China 2.0: Xi Jinping and the PRC’s economic future

How President Xi Jinping wants to reboot China’s economy with robotics, electric cars and control of the internet.

At the 19th Communist Party Congress, Chinese President Xi Jinping is stamping his authority by mapping out his vision for China for the next 30 years.

“The banner of socialism with Chinese characteristics is flying high for the world to see. It will be an era that sees China move closer to the centre stage,” Xi said.

He aims for the “the rejuvenation of the great Chinese nation” and wants to build a “digital and smart society”, a “country of innovators”. At the heart of his strategy is an economy built on homemade innovation – with a particular emphasis on robotics, electric cars and artificial intelligence.

With more than 750 million internet users, China is home to the world’s largest online population. Xi is eager that China should become a cyber-superpower when it comes to innovation and commerce – but not at the expense of party discipline.

President Xi has recently called the internet a dangerous double-edged sword, and a “threat to China’s national security”.

As a result, Beijing maintains a tight grip on the internet, using new technology for mass surveillance and shutting off markets to foreign competitors. Twitter and Google, among others, are blocked by the “Great Firewall of China”.

Adrian Brown reports from Beijing on Xi’s vision and China’s shift from manufacturing to technology powerhouse.

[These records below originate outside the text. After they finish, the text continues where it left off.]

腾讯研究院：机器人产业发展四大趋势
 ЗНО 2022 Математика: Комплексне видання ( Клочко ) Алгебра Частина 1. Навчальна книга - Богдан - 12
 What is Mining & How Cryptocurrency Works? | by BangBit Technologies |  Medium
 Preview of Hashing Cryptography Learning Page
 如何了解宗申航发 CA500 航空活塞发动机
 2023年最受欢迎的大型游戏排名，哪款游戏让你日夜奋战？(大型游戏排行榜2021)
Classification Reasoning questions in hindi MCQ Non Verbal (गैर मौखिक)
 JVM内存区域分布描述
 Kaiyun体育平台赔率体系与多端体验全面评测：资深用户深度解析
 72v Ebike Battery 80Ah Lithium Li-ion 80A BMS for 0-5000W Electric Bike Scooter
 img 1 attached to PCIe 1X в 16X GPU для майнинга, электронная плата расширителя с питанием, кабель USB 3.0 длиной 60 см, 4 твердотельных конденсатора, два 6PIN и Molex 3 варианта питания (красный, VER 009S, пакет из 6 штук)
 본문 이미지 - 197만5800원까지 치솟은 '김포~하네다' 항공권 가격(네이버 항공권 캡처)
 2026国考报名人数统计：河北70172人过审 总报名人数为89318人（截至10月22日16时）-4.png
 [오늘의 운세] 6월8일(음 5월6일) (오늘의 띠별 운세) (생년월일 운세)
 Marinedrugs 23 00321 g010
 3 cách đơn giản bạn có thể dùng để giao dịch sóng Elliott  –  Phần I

Reuben Mondejar, a professor at the City University Hong Kong, talks to Counting the Cost about internet control and China’s economic future.

“The problem we have in the world now is, Europe is dwindling in terms of economic growth, you have uncertain economic growth taking place in the US, Japan is kind of muddling through – so that gives all benefit to China … This makes China fill up the blanks.”

Also on this episode of Counting the Cost:

Is Brexit failing? The Organisation for Economic Cooperation and Development (OECD) has painted a very gloomy picture if the UK crashes out of the EU without a deal on Brexit. The Paris-based think-tank says a disorderly Brexit could bring credit rating downgrades and new lows for the British pound. But it says reversing Brexit would significantly boost Britain’s economy. That warning from the OECD comes as many businesses across the UK and Europe are struggling to prepare for Brexit.

So will the UK crash out of the European Union without a deal? And how would it affect the economy?Simon French, chief economist with London-based Panmure Gordon & Co, talks to CTC.

Hydronomics on the world’s longest river: Why hydro-economics is causing tension along the Nile River. Water ministers from Egypt, Sudan and Ethiopia have been meeting to discuss how Africa’s largest hydroelectric dam will affect access to the Nile. The Grand Ethiopian Renaissance Dam is 60 percent complete and has yet to go into operation. The $4.8bn megaproject near the Sudanese border was launched in April 2011.

Colin Thorne, professor and chair of Physical Geography at the UK-based Nottingham University, talks about hydro-economics, concerns, and the ongoing battle for control of the Nile.